▶ Task prompt
Please transcribe every entry below exactly, without including the pictures.

*** Opening Records ***

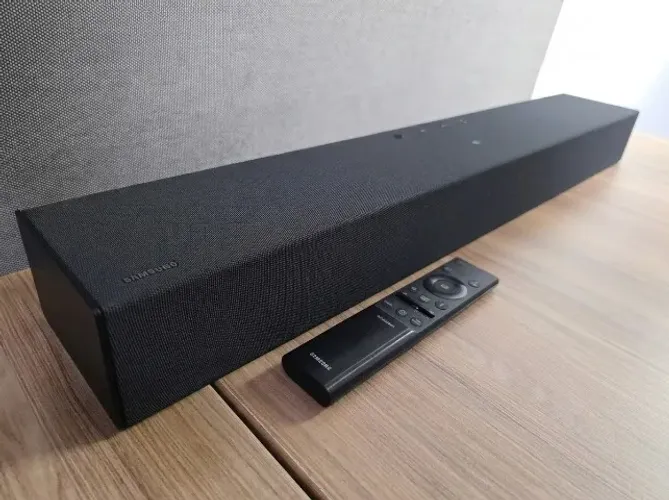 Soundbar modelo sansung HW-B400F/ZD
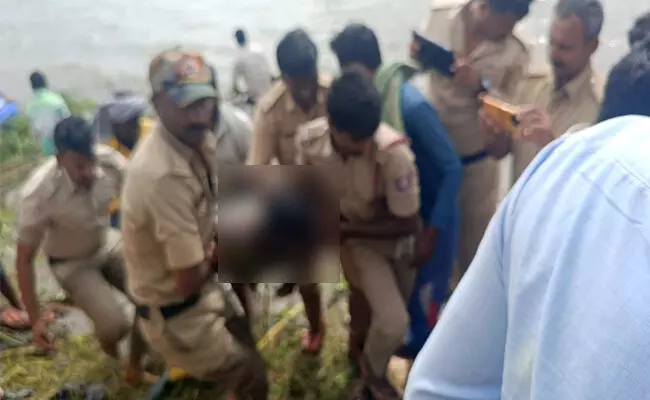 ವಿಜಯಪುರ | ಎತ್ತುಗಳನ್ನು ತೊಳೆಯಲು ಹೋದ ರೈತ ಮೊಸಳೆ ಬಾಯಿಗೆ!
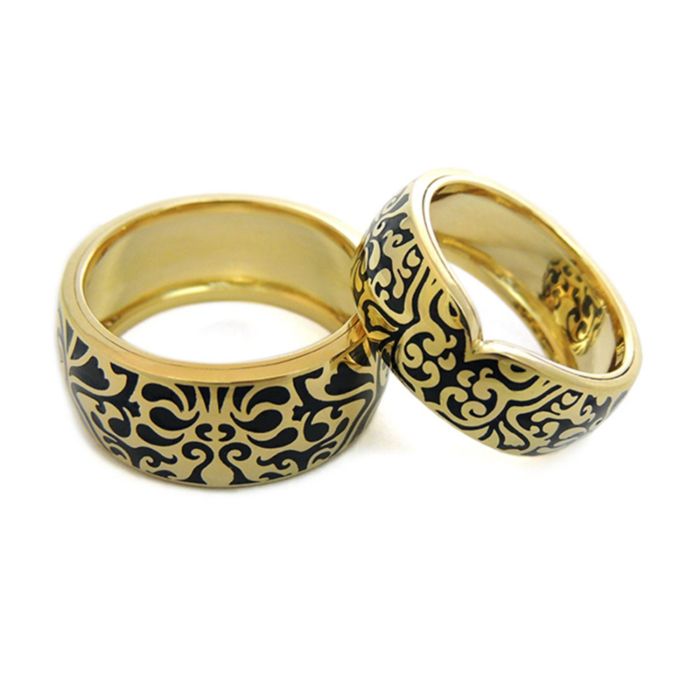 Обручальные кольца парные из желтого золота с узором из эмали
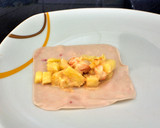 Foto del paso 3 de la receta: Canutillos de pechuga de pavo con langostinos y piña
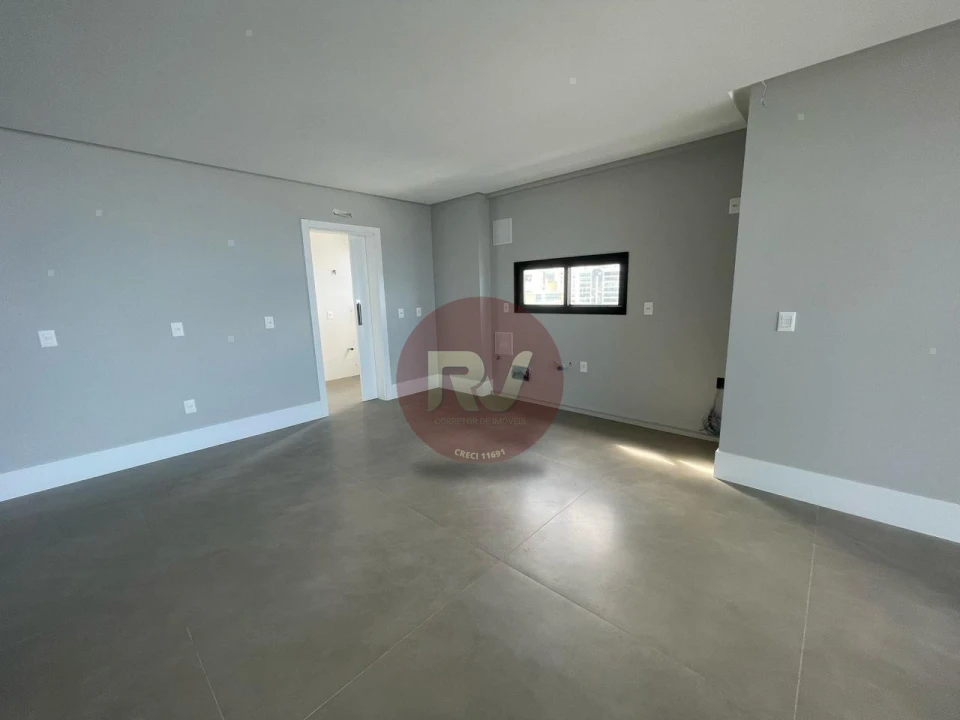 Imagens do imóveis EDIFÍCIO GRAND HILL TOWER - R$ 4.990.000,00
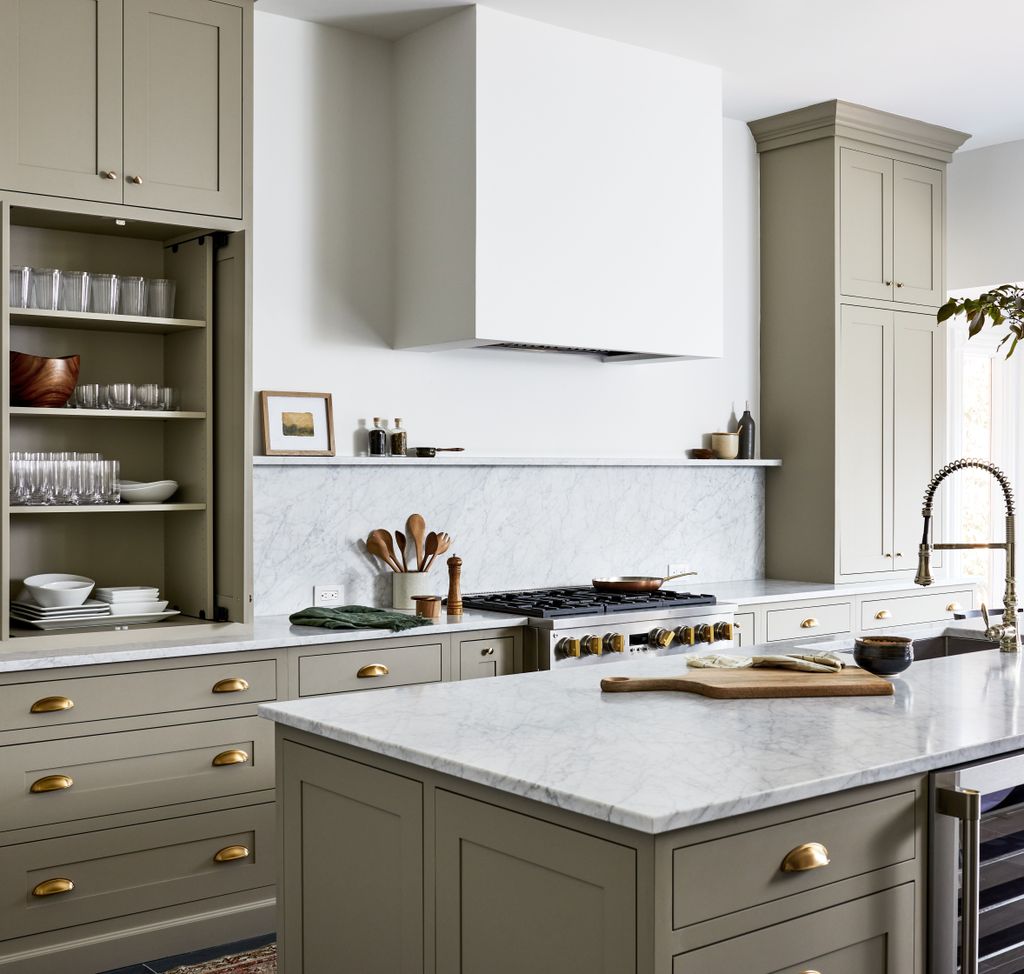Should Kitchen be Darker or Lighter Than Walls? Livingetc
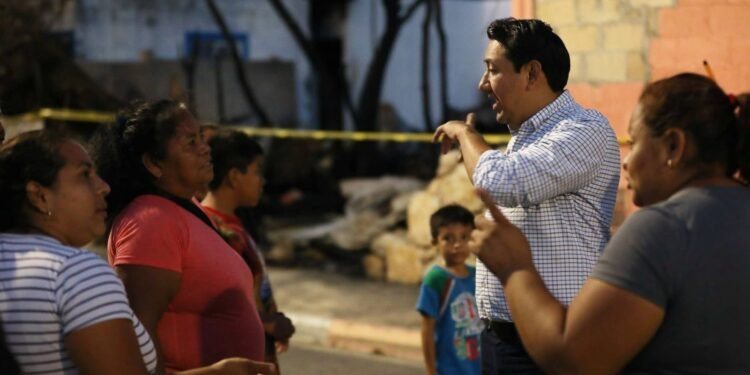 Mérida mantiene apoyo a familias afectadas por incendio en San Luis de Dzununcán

*** Closing Records ***

▶ Reply
 Soundbar modelo sansung HW-B400F/ZD
 ವಿಜಯಪುರ | ಎತ್ತುಗಳನ್ನು ತೊಳೆಯಲು ಹೋದ ರೈತ ಮೊಸಳೆ ಬಾಯಿಗೆ!
 Обручальные кольца парные из желтого золота с узором из эмали
 Foto del paso 3 de la receta: Canutillos de pechuga de pavo con langostinos y piña
 Imagens do imóveis EDIFÍCIO GRAND HILL TOWER - R$ 4.990.000,00
Should Kitchen be Darker or Lighter Than Walls? Livingetc
 Mérida mantiene apoyo a familias afectadas por incendio en San Luis de Dzununcán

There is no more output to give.